Democrats in the House had their chance to present their case in a compelling manner. They failed. Charges of “abuse of power” are so vague they have been reduced to mind reading about “motive” as culpable evidence. The probability of a guilty verdict approaches zero.

It is time to wrap this trial up and for Democrats to try to win elections by offering serious policy proposals rather than shamefully using impeachment as a political weapon, a strategy they might soon regret.

Tom O'Hare, Charlestown, R.I.

Many years ago, when my husband and I were dating (our 58th anniversary is this week), he received a ticket for making an illegal right turn on a street in New York. He asked the policeman why the turn was illegal, and the officer’s response was, “Look at the sign.” What sign?

As a college student with few dollars to spare to spend on expensive tickets, my husband researched the law pertaining to that street and found that “signs regulating the entrance to state highways had to be visible at all times” on that road; it was a state highway.

However, it was rush hour, and the corner where he made the turn was crowded with people waiting to cross the intersection, and they had totally blocked the sign. 

Naturally, he went to court to contest the ticket.
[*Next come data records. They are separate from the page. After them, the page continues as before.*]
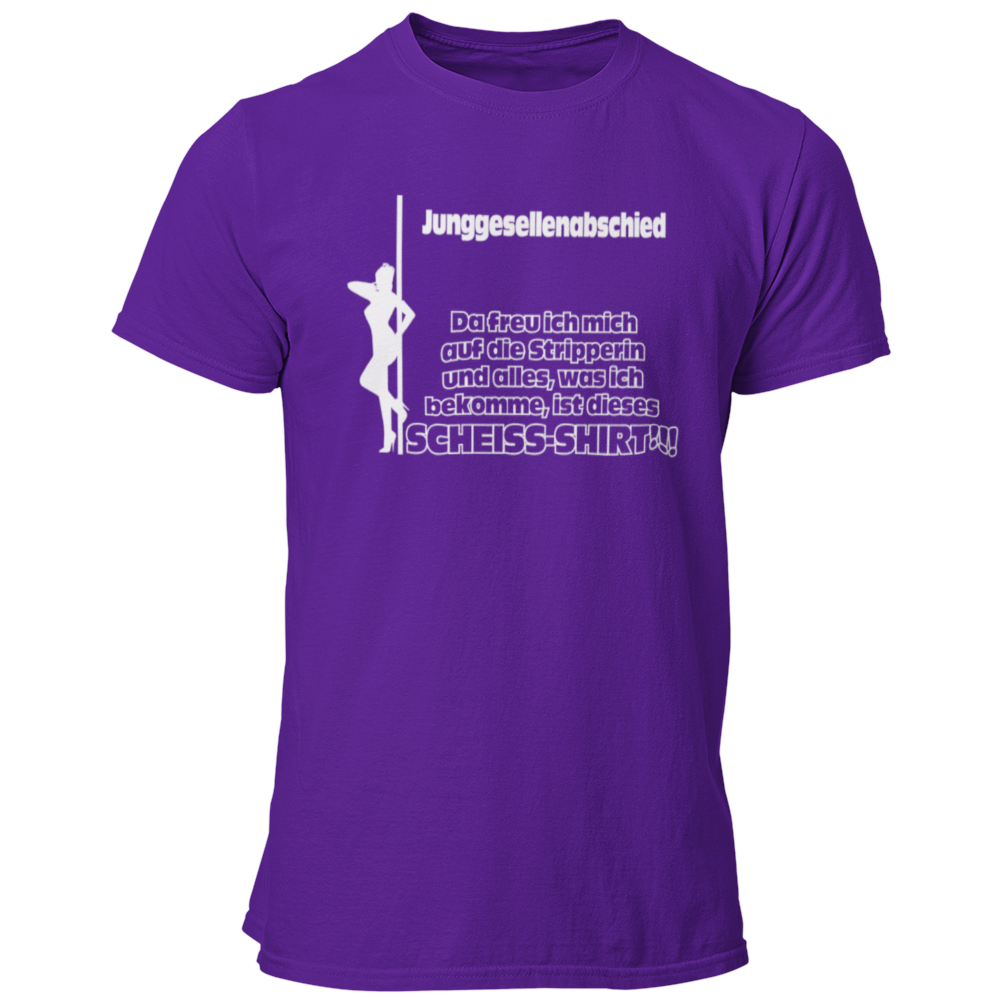 Das JGA T-Shirt "Scheiß Shirt" bringt die perfekte Mischung aus Humor und Vorfreude auf den Junggesellenabschied! Mit dem witzigen Spruch „Da freut man sich auf die Stripperin und alles, was man bekommt, ist dieses Scheiß JGA Shirt!“ sorgt es für viele Lacher unter Freunden. Egal, ob die Stripperin kommt oder nicht – der Fokus liegt auf dem Feiern in der Gruppe und dem Feiern der bevorstehenden Hochzeit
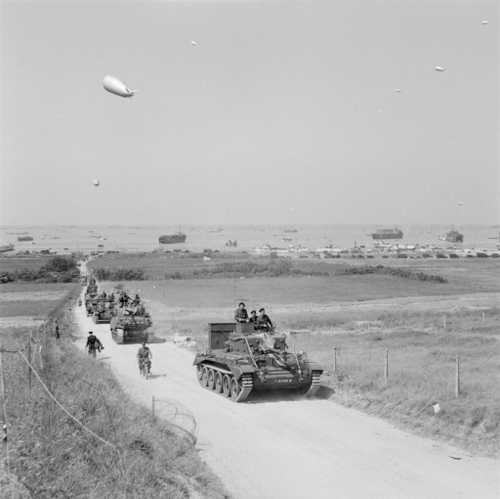 British armor moving inland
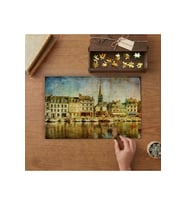 Vintage Amsterdam Görseli Tasarımı 240 parça Ahşap Puzzle Ahşap Kutuda MP01124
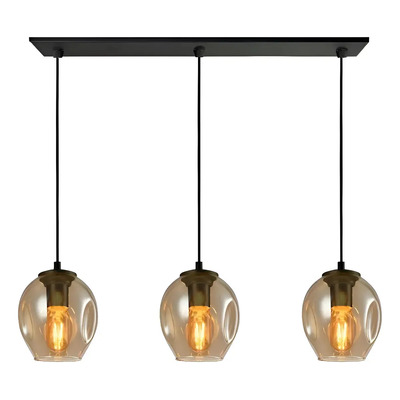 Colgante 3 Luces Ástrid Ambar Apto Led Vidrio Moderno Cie Ámbar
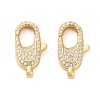 Oval Brass Micro Pave Clear Cubic Zirconia Lobster Claw Clasps KK-I354-01G-03-1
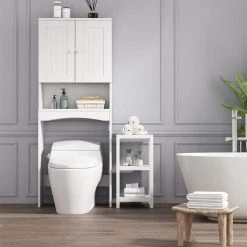 Unbranded Lightle 23.60 in. W x 61.80 in. H x 9.00 in. D D White MDF Over-the-Toilet Storage in Matte White 15 Unbranded Lightle 23.60 in. W x 61.80 in. H x 9.00 in. D D White MDF Over-the-Toilet Storage in Matte White -Toilet Storage Shop matte white over the toilet storage w370 332 c3 1000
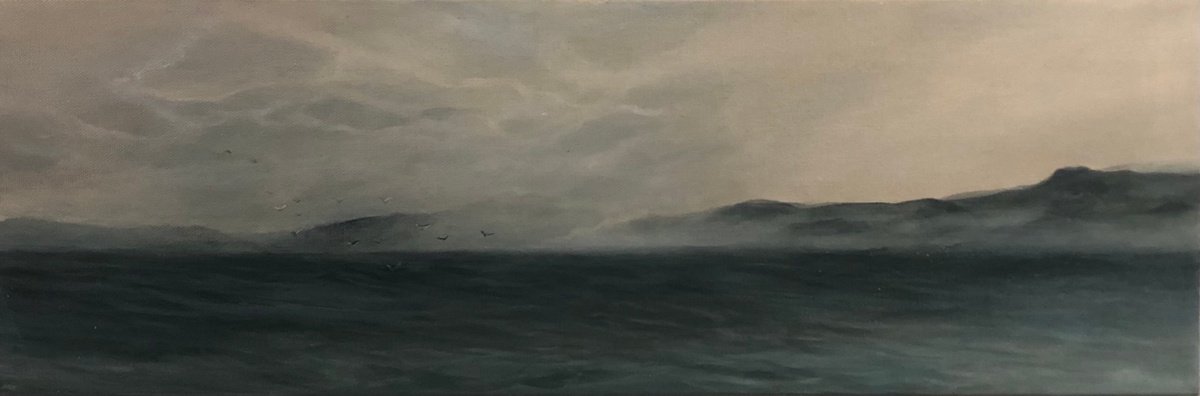 Impressionistic Landscape Acrylic Painting By Tamara Bettencourt, 24 X 8", A Perfect Day, Original Artwork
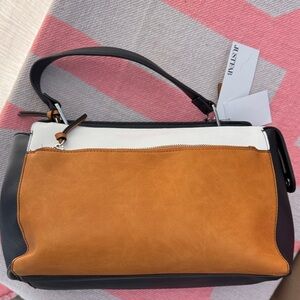 JustFab Black and Tan Shoulder Bag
He showed the judge pictures of pedestrians waiting to cross the street at that intersection, which he had taken on a subsequent day, as well as a copy of the state law pertaining to that road. The judge responded, “Never mind the law, son. Pay the fine.” 

Today’s Republican senators are doing the same thing with the impeachment charges: Never mind the law. Ignore the facts of the charges against the president.

The more things change, the more they stay the same.